= The Cut (play) =

The Cut is a 2006 theatre play by Mark Ravenhill. It is a dystopia that relates the life of Paul, a practitioner of a mysterious operation who is greatly disturbed by its practice. Main themes touch upon one's place in the society and the arbitrariness of governments policies which set up the norm against one's morale.

Ravenhill's The Cut is not to be confused with the Mike Cullen play of the same name.

==Plot summary==
As the play unravels, the cut is presented as a painful, immoral, controversial and ambiguous surgery, that cures a patient or victim from desire, or maybe even personality. It is apparently destined to dissidents and/or sick people but its virtues also make it attractive as a mean of freedom and salvation. The cut is pictured as a death of some sort, but leaving open to interpretation what part of the patient is dying.

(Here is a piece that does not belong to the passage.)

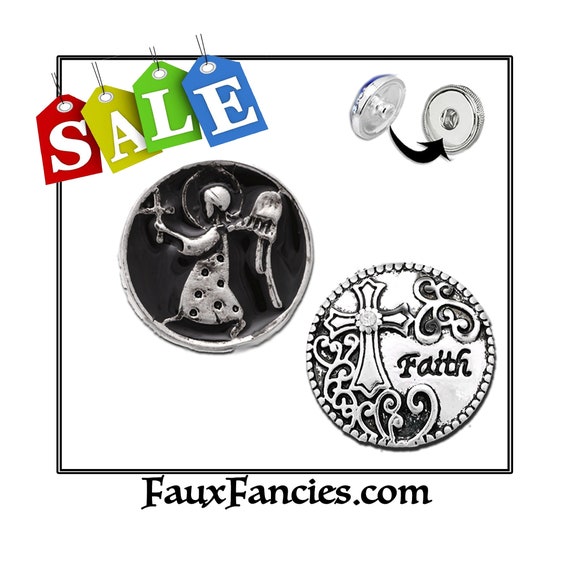CLEARANCE! Snap button, ginger snap, snap on charms, snap jewelry, #BraceletCharms, Faith Charm, Changeable snap, chunk snap, Angel charm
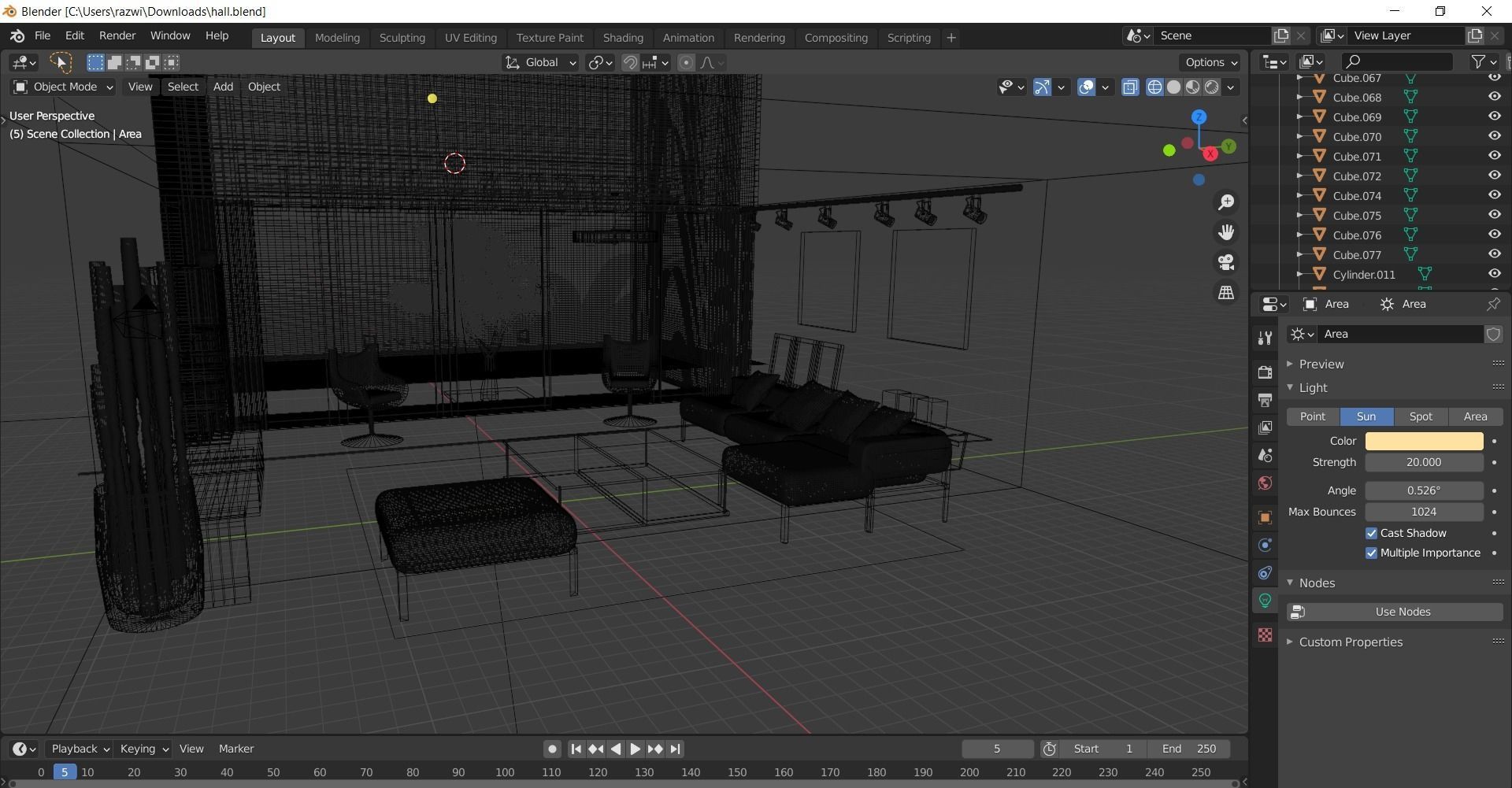 Realistic Living room Interior scene 3D model_2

In the first part, Paul is reluctant to administrate the cut to a willing patient, and in the course of his frustrations and failure to convince him otherwise, let explode his angst and impotency to commit suicide, confessing in particular his deficient relationship with his wife. In the second part, Paul is shown in the context that seems to put the most strain on him: his family life. We see him waiting for and having dinner with his wife, from whom he his holding secret—out of guilt—the real nature of his activities for the government. The two have a conversation that progresses from chit-chat to a maddening and humiliating confrontation. In the last part, Paul is in jail as a result of the cut being banished from a new Government, and is visited by his son, with whom he shares an equally emotionally disturbed and alienated conversation.